(Stored items from a collection)
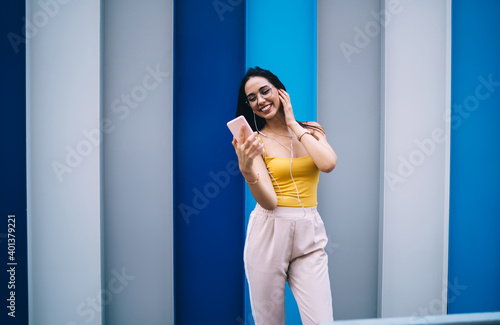 Prosperous hipster girl in glasses watching funny video connected to 4g on mobile gadget, joyful Caucaisan female youngster enjoying celular phoning and time for listening positive music songs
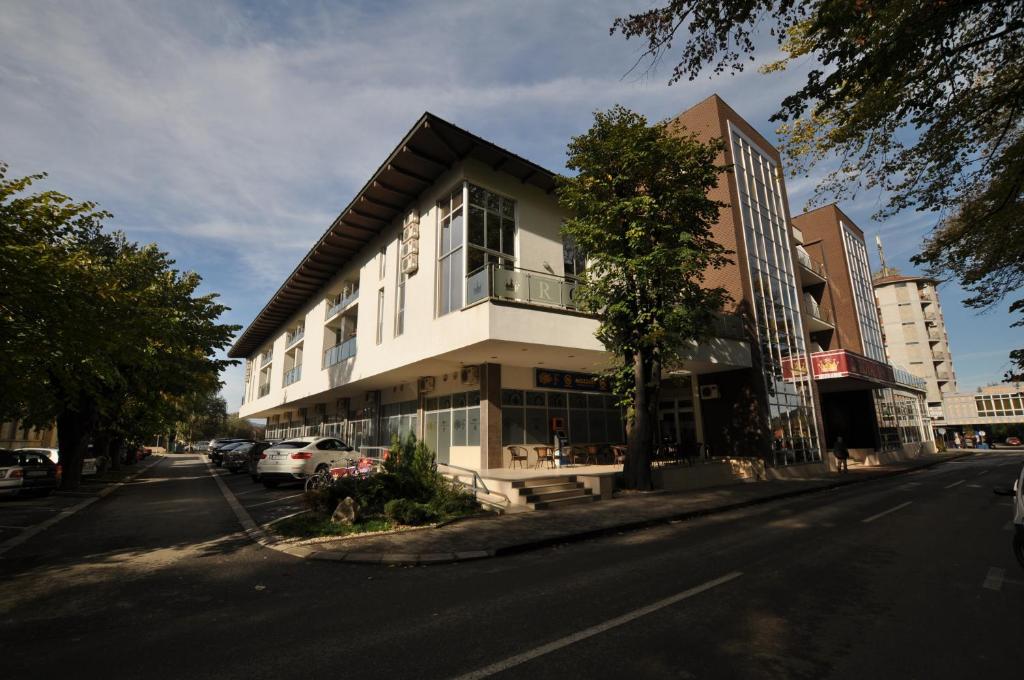 a building on the side of a street at Hotel Royal Spa in Banja Koviljača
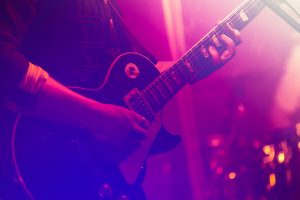 close up of singer playing electric guitar and singing on stage over happy fans crowd waving hands at concert in night club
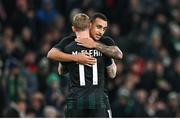 21 November 2023; Adam Idah of Republic of Ireland is congratulated by teammate James McClean, 11, after scoring their side's first goal during the international friendly match between Republic of Ireland and New Zealand at Aviva Stadium in Dublin. Photo by Stephen McCarthy/Sportsfile
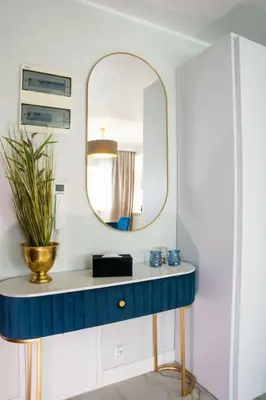 a bathroom with a blue sink and a mirror at Apartment w ogrodzie w sercu starego Krakowa in Kraków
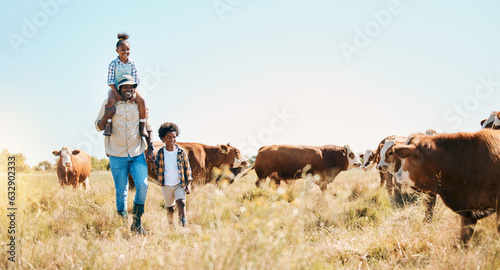 Cattle farm, father and children or family outdoor for travel, sustainability and holiday. Black man and kids walking on a field for farmer adventure in countryside with cows and banner in Africa
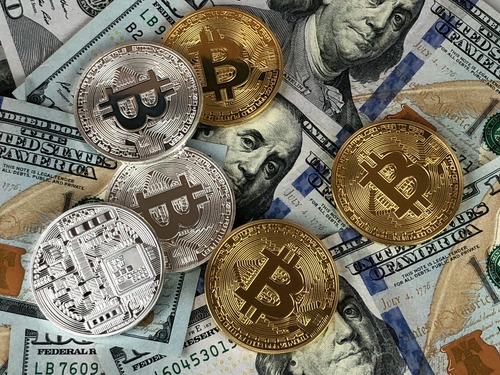 Gold and silver cryptocurrency coins placed on top of US dollar banknotes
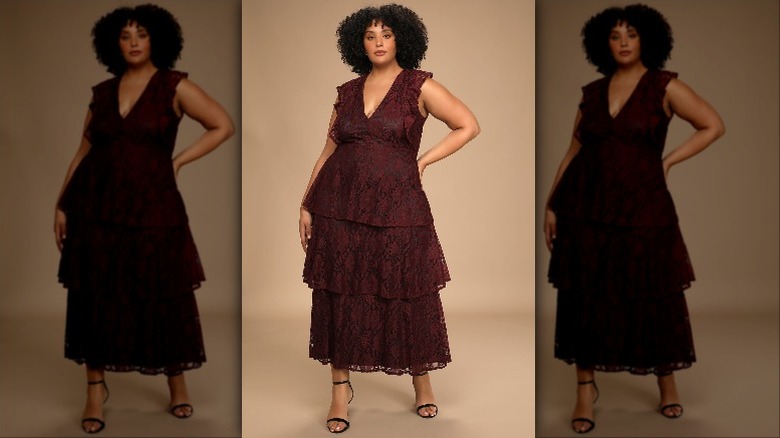 woman wearing burgundy lace dress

The problem:
Please set down each line of the data above exactly as written, without the pictures.

Exercise result:
 Prosperous hipster girl in glasses watching funny video connected to 4g on mobile gadget, joyful Caucaisan female youngster enjoying celular phoning and time for listening positive music songs
 a building on the side of a street at Hotel Royal Spa in Banja Koviljača
 close up of singer playing electric guitar and singing on stage over happy fans crowd waving hands at concert in night club
 21 November 2023; Adam Idah of Republic of Ireland is congratulated by teammate James McClean, 11, after scoring their side's first goal during the international friendly match between Republic of Ireland and New Zealand at Aviva Stadium in Dublin. Photo by Stephen McCarthy/Sportsfile
 a bathroom with a blue sink and a mirror at Apartment w ogrodzie w sercu starego Krakowa in Kraków
 Cattle farm, father and children or family outdoor for travel, sustainability and holiday. Black man and kids walking on a field for farmer adventure in countryside with cows and banner in Africa
 Gold and silver cryptocurrency coins placed on top of US dollar banknotes
 woman wearing burgundy lace dress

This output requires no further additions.